The module has a single parameter that is initialized via the given function:

param = scalar.init_parameters(key=PRNGKey(0))
assert np.zeros(()) == param

Independent of any inputs, it returns these parameter values:

assert param == scalar.apply(param)

The Parameter module is roughly equivalent to:

class Parameter:
    def __init__(self, init_parameter): self.init_parameter = init_parameter

    def apply(self, parameters, *inputs): return parameters

    def init_parameters(self, *example_inputs, key): return self.init_parameter(key)

All other modules are composed from this primitive via @parametrized functions:

def Dense(out_dim, kernel_init=glorot(), bias_init=randn()):
    @parametrized
    def dense(inputs):
        kernel = Parameter(lambda key: kernel_init(key, (inputs.shape[-1], out_dim)))()
        bias = Parameter(lambda key: bias_init(key, (out_dim,)))()
        return np.dot(inputs, kernel) + bias

    return dense

The parameter function allows to express the same more concisely:

def Dense(out_dim, kernel_init=glorot(), bias_init=randn()):
    @parametrized
    def dense(inputs):
        kernel = parameter((inputs.shape[-1], out_dim), kernel_init)
        bias = parameter((out_dim,), bias_init)
        return np.dot(inputs, kernel) + bias

    return dense

@parameterized transforms this function into an equivalent of:

class Dense:
    Params = namedtuple('dense', ['kernel', 'bias'])

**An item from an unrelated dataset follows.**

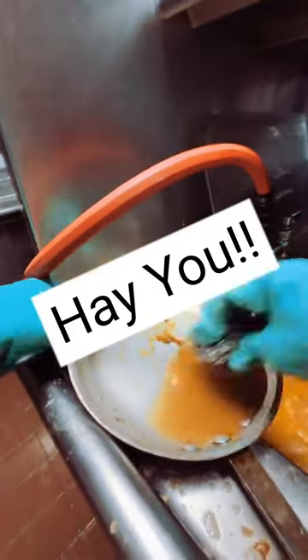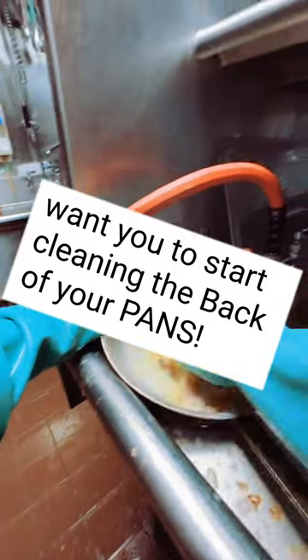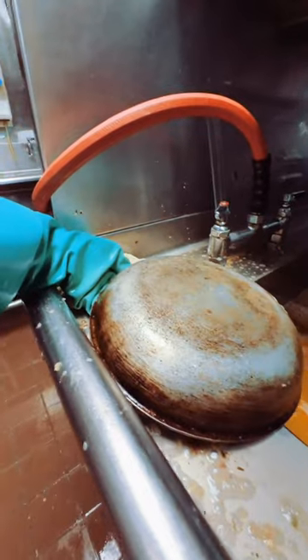It's a really important one — it has to do with the whole team. Hey you, I want you to start cleaning the back of your pan. Back here. Start cleaning that sometimes.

    def __init__(self, out_dim, kernel_init=glorot(), bias_init=randn()):
        self.bias_init = bias_init
        self.kernel_init = kernel_init
        self.out_dim = out_dim

    def apply(self, parameters, inputs):
        kernel, bias = parameters
        return np.dot(inputs, kernel) + bias

    def init_parameters(self, example_inputs, key):
        kernel_key, bias_key = random.split(key, 2)
        kernel = self.kernel_init(kernel_key, (example_inputs.shape[-1], self.out_dim))
        bias = self.bias_init(bias_key, (self.out_dim,))
        return Dense.Params(kernel=kernel, bias=bias)

This allows creation and usage of models as described in the readme.

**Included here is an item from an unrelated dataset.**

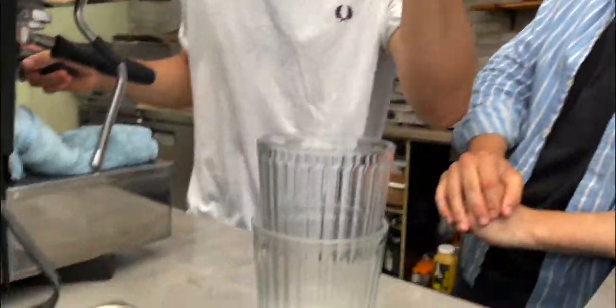Guys, welcome back. We're the Northern Baristas. I'm Joey, this is Niall. We're on part two of the three-part series on iced drinks. Niall, what did we bring them last time and what have we got today?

Parameters can optionally be named (see next section for effect):

        kernel = parameter((inputs.shape[-1], out_dim), kernel_init, 'kernel')
        bias = parameter((out_dim,), bias_init, 'name')

How are parameters named?

JAXnet does not rely on module or weight names. Parameters are initialized to (nested) namedtuples for readability only. They are named after their defining module (@parametrized function). Parameters are named parameter unless a name is specified as above. If names clash within the same module, indices are added in a fixed order:

net = Sequential(Conv(4, (2, 2)), flatten, relu, Dense(3), relu, Dense(2),
                   Sequential(Dense(2), relu))
inputs = np.zeros((1, 5, 5, 2))

params = net.init_parameters(inputs, key=PRNGKey(0))
assert (4, ) == params.conv.bias.shape
assert (3, ) == params.dense0.bias.shape
assert (3, 2) == params.dense1.kernel.shape
assert (2, ) == params.dense1.bias.shape
assert (2, ) == params.sequential.dense.bias.shape

When init_parameters is called on different modules, parameters corresponding to the same shared module can be different (have different indices) between the two calls. When init_parameters is called on the same module twice, resulting parameter names are identical.

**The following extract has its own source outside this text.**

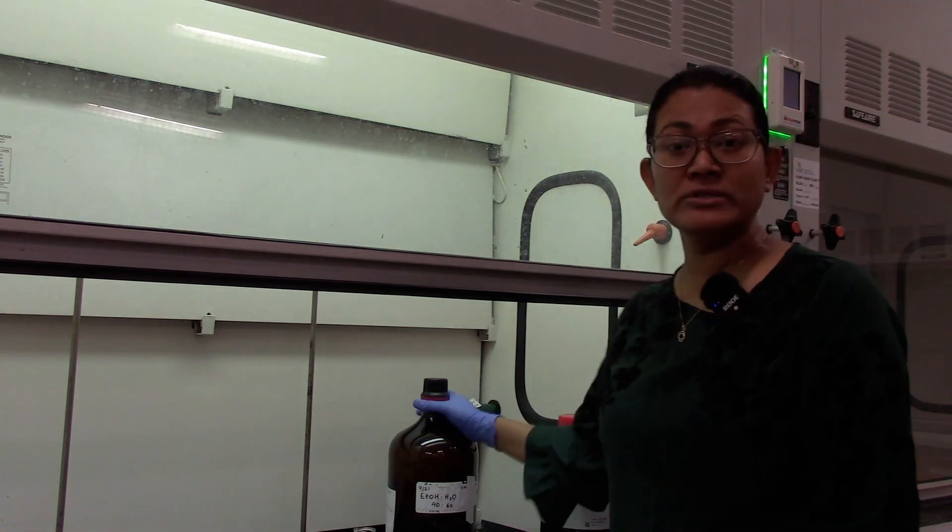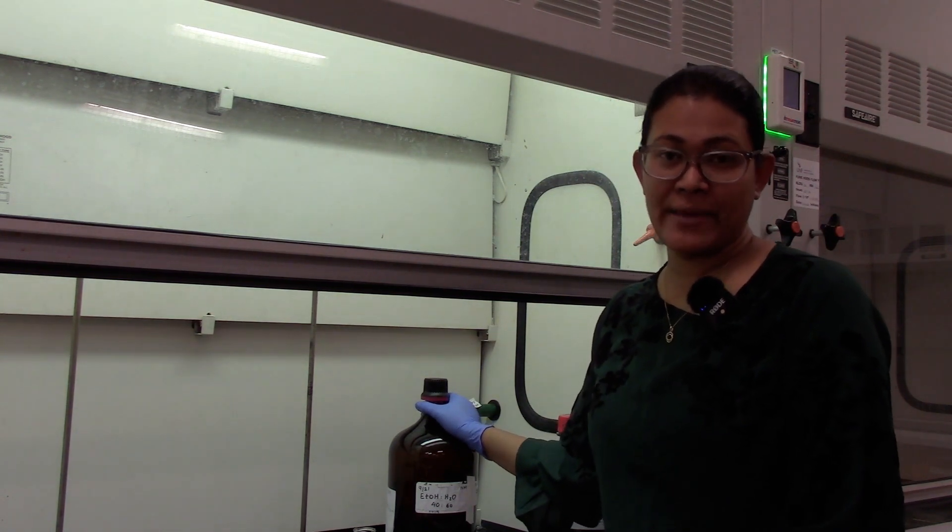Hello everyone. Today we are working on fractional distillation and we are going to use a mixture of water and ethanol.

Regularization and reparametrization

JAXnet allows concise regularization for a given loss network:

reg_loss_net = L2Regularized(loss_net, scale=.1)

reg_loss_net now is a module usable like any other.

Reparametrization is similarly simple:

    def Scaled():
        @parametrized
        def learnable_scale(params):
            return 2 * parameter((), ones) * params

        return learnable_scale

    scaled_net = Reparametrized(net, Scaled)

In this example, every weight vector/matrix is multiplied by a learnable scalar. Variational inference can be implemented as a combination of Reparametrized and Regularized. (Example will be added soon.)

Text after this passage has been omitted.